Gavin Mortimer Gavin Mortimer

It’s time to break the stranglehold on the migrant crisis debate

Dinghies and engines stored in a Port Authority yard in Dover (photo: Getty)

John Major and Nicolas Sarkozy are grandees of their respective centre-right parties. But the days when the Conservatives and the Republicans dominated the political landscape of Britain and France are long gone. The fortunes of both parties have dwindled as the migrant crisis has deepened. Neither the Tories nor the Republicans confronted the phenomenon with the courage that their electorate demanded. They paid the price at the ballot box.

But while one grandee has woken up to this fact, the other remains in denial.

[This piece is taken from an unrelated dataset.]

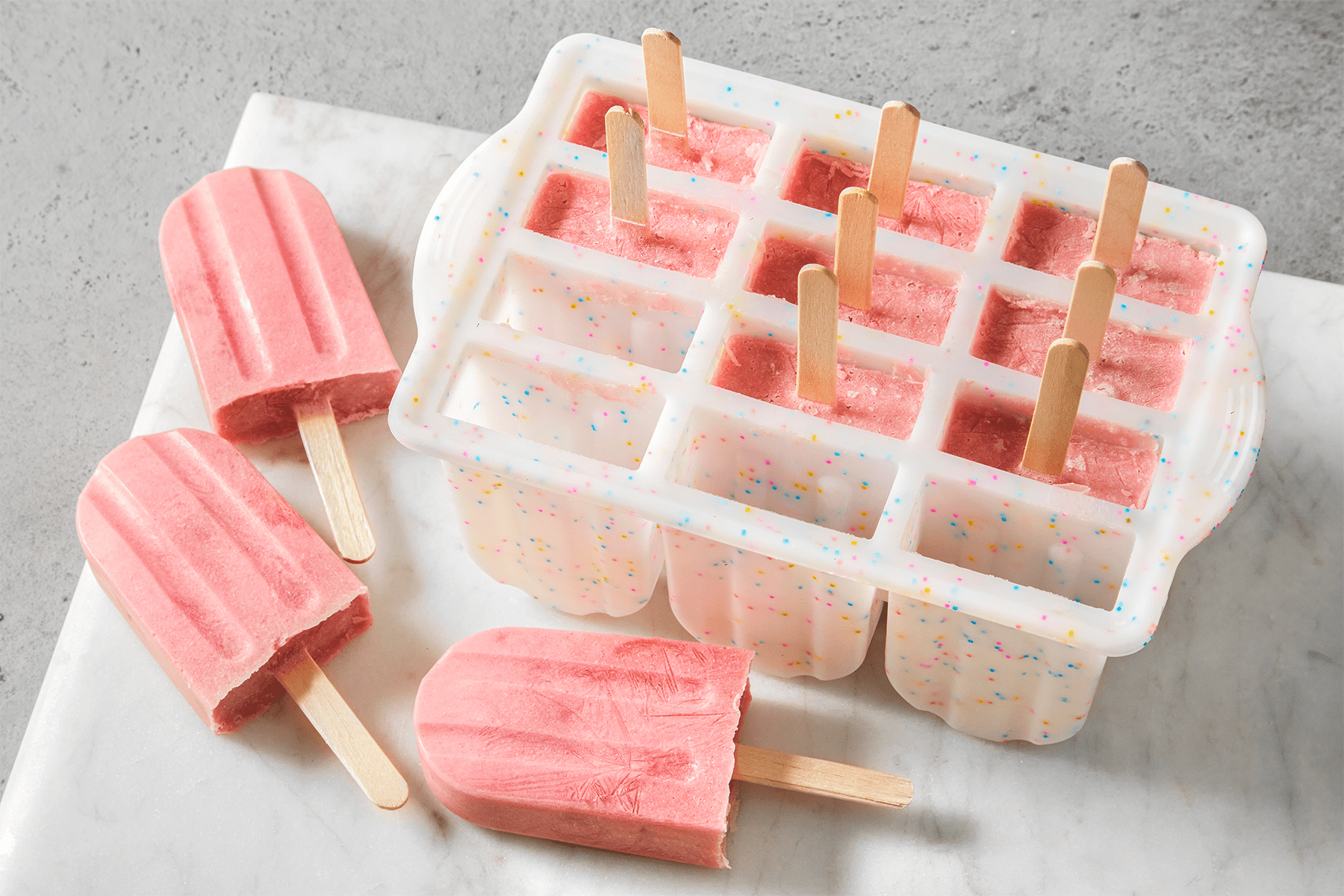 Strawberry Banana Popsicles on a countertop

Major’s recent interview with the BBC underlined his misreading of the crisis confronting Europe. The former Tory PM, who governed the country between 1992 and 1997, spoke sympathetically of the vast numbers of migrants crossing dangerous waters to reach the continent, and he scolded a society that ‘has come to regard immigration as an ill.’

Sarkozy has a different take on the crisis. ‘Immigration is a problem,’ he explained in an interview this week, returning to a theme he had first broached 12 months ago. On that occasion he quoted UN figures to warn that between now and 2050 the population of Africa will increase from 1.3 to 2.5 billion people, half of whom will be under the age of 20. ‘This huge population is the neighbour of a European continent in demographic decline,’ said Sarkozy. ‘Alas, the migrant crisis hasn’t really begun.’ 

Sarkozy reiterated those figures this week and again issued a warning that Europe’s future was at stake if it didn’t act. ‘Borders are a guarantee of peace,’ he said. ‘It’s when borders are indecisive, when they are contested, that there are risks of war.’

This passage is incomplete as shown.